Realistic Synthetic Data at Scale: Safely Using Production Data to Generate Models

April 27, 2023 Mehul Sheth, Sr. Principal Engineer

“But the lab results were promising! We could handle more load than this in our test environments!”

No one wants to hear such excuses after a production issue. Actually, no one wants a production issue in the first place! One of the many reasons for leaking defects to production is the poor quality of test data. If the test data is not representative of production data certain edge test cases are missed, the behavior of the product in production differs from expected behavior, and this may result in outages or data loss. This blog describes the process of generating realistic synthetic data at scale influenced by production data, highlights the challenges in generating meaningful data, and how these challenges were overcome at Druva.

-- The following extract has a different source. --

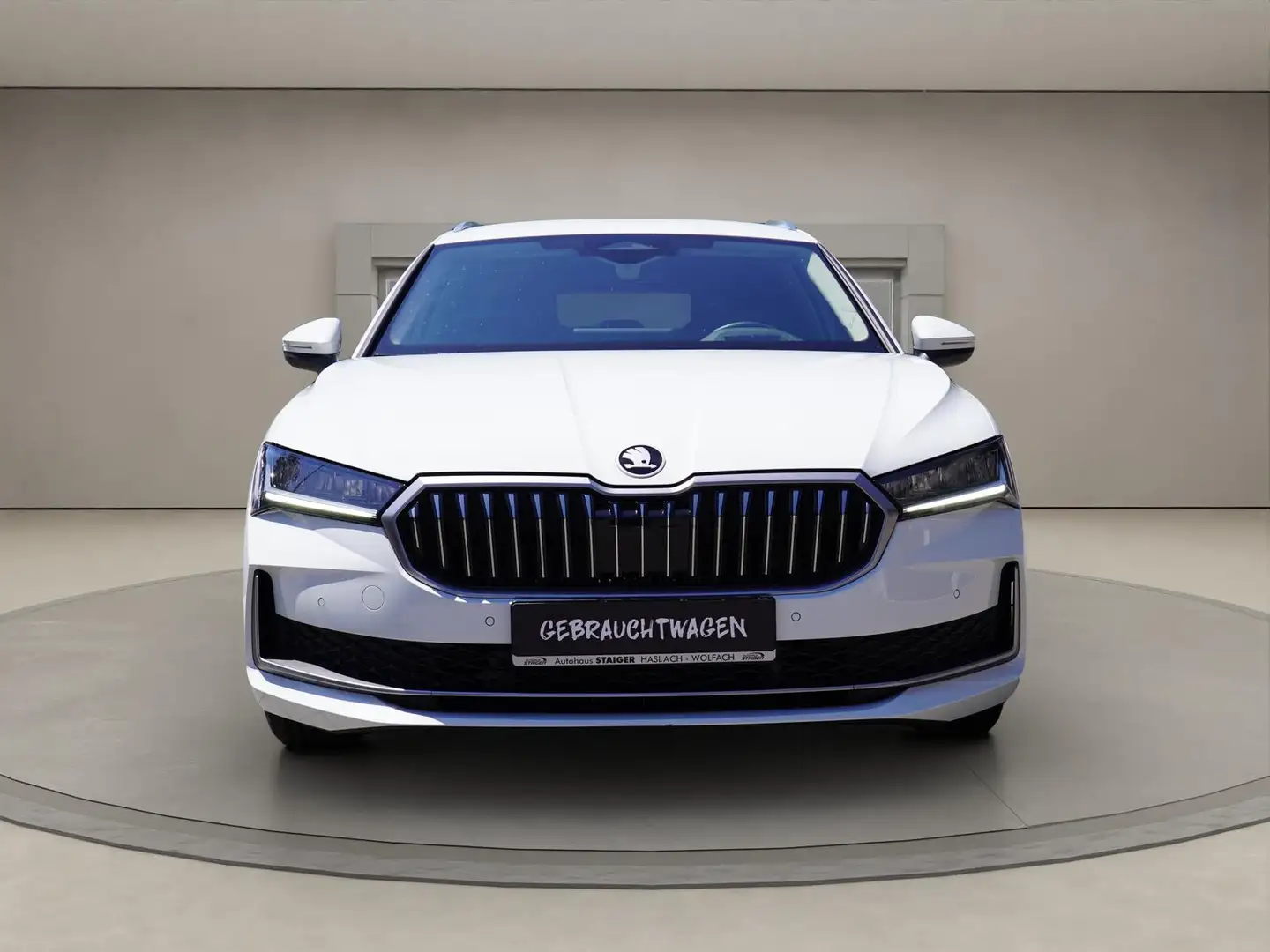 Skoda Superb Combi Selection 1,5 eTSI+SHZ+Kamera+ Weiß - 2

Druva offers 100% SaaS data protection and management as a service. Our products handle petabyte-scale customer data and ensure that our products scale in production based on their needs. This blog details our approach and also explains the thought process behind the decisions taken so you can get a glimpse of our journey along with the final outcome. At the end of the blog, you will be able to understand how to create a machine learning model around the production data without exposing it and implement it to generate synthetic test data; production-like, realistic, and at scale.

Process

Fig. 1: Process

As shown in Figure 1, the characteristics of data that impact the product behavior were identified, i.e. the criteria which need to be studied such as the size of files being backed up, the name of the file and its path, etc. Then, we analyze the production data and create a model based on the criteria identified. This model was used to generate data at scale.

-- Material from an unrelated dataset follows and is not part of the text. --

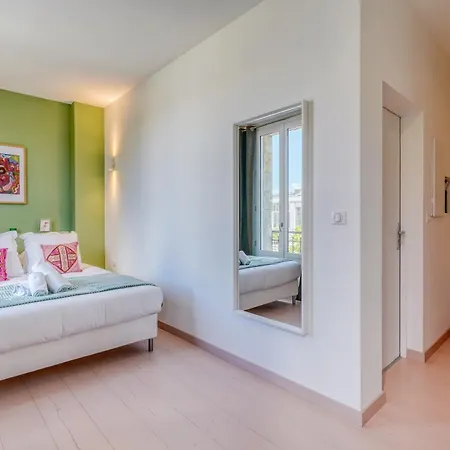 Apartment La Rose De - Au Coeur Des Chartrons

Taking a peek at prod data, will we create a fancy model and will generate test data based on this for ages to come? No! This process is a continuous one, we’ll need to analyze prod data at reasonable intervals and update our model. This interval can be time-based like once a month or quarter, or sporadically like when a new significant client is added or when the business seems fit to update.

Outcome

As a result of these efforts we saw the following key results:

Better insights into how our customers use our products, what type of data they back up (of course with customers' data privacy as our top priority), and how they access this data. For those who could improve the use of our products, we raised action items to proactively help these customers or change policies, etc.
Better architectural decisions based on production findings rather than assumptions. Decisions included optimized storage for certain file types, i.e. videos, as video content in our customer data has grown significantly. In addition, software-imposed checks or limitations can be introduced to avoid exploitation of the product.

Production Data Modeling

Fig. 2: Production Data Modeling

The major challenge in mining production data was how to get access without breaking legal contracts with customers. In this implementation, no customer files were opened even in code. Code only reads meta-data, such as file size and extensions. The next challenge was to select "enough" data and scale the sample to extrapolate key findings.

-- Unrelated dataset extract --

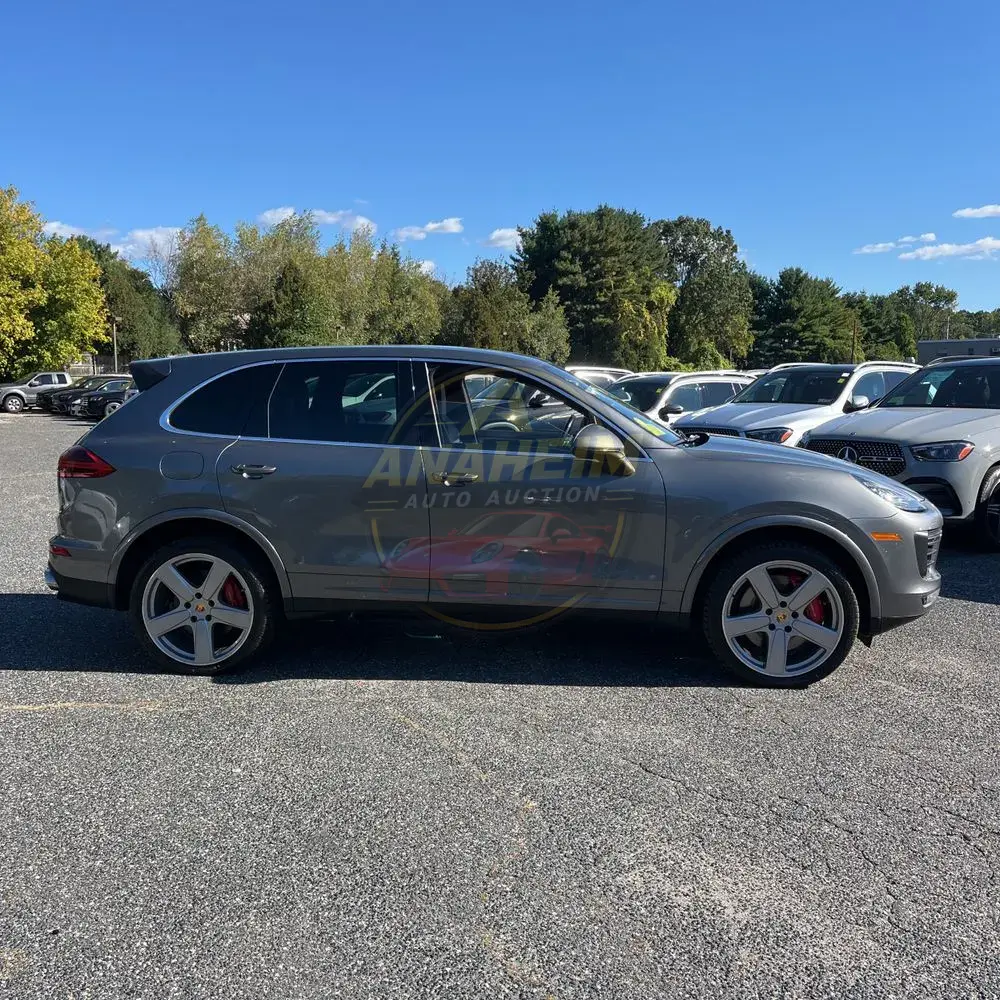 2017 Porsche Cayenne Turbo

An example of scaling could be if a new prospect wants to back up a Google shared drive with a TB of data — but production has so far only observed a maximum drive size of a few hundred GBs. How do we generate 10x of this observed production load?

Fig 3: Sample Selections based on Statistical Criteria

The first step is to identify which data needs to be parsed. Each blue dot in the image represents a folder or file system. The X-axis denotes the total size of the entire dataset and Y denotes the total number of files in that set. It is observed that, as the total data set size increases, the more files are in it and the range of total files also increases. Four points from this plot were selected, as highlighted — some from around the median, some at 90% on both X and Y, and the two extremes.

Fig. 4: Density plots

On a 2D density graph, three more spots of interest were observed. The darker area shows where more sets are concentrated and where the majority of data points lie (the mode of the data). A few samples from around these seven areas were selected, we read the metadata and created a model for all the criteria that are important to us.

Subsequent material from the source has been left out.